TASK DESCRIPTION: Print the listing below exactly, images excluded.

DATA SHOWN:
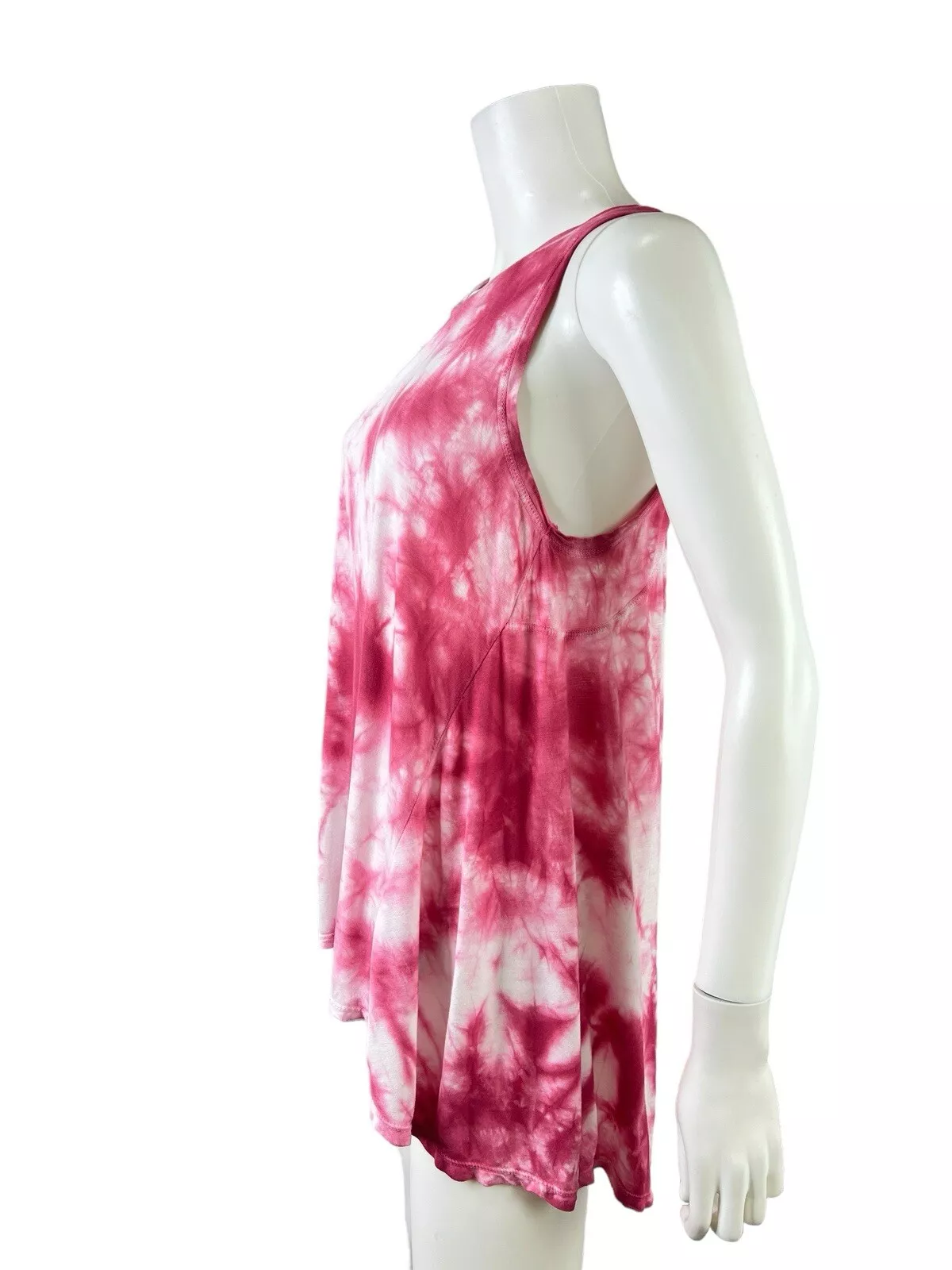 sweaty-betty easy peazy tie dye viscose knit flowy tank-top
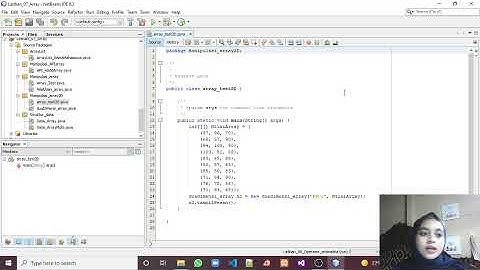 Ch #7-2 : OOP Akses Data Array 2 Dimensi JAVA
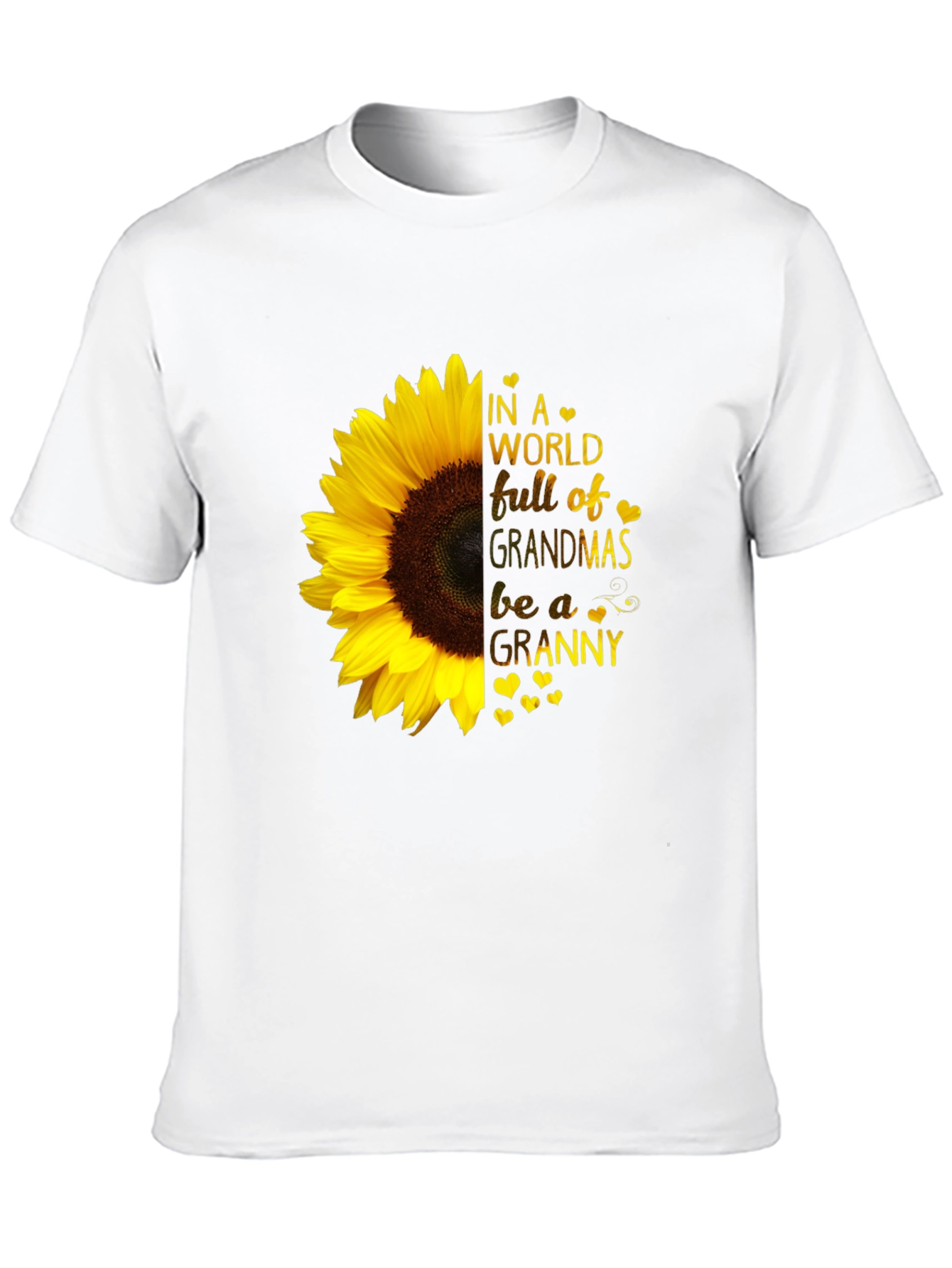 Sunflower Granny T-Shirt - Grandmas Be a Granny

SOLUTION:
 sweaty-betty easy peazy tie dye viscose knit flowy tank-top
 Ch #7-2 : OOP Akses Data Array 2 Dimensi JAVA
 Sunflower Granny T-Shirt - Grandmas Be a Granny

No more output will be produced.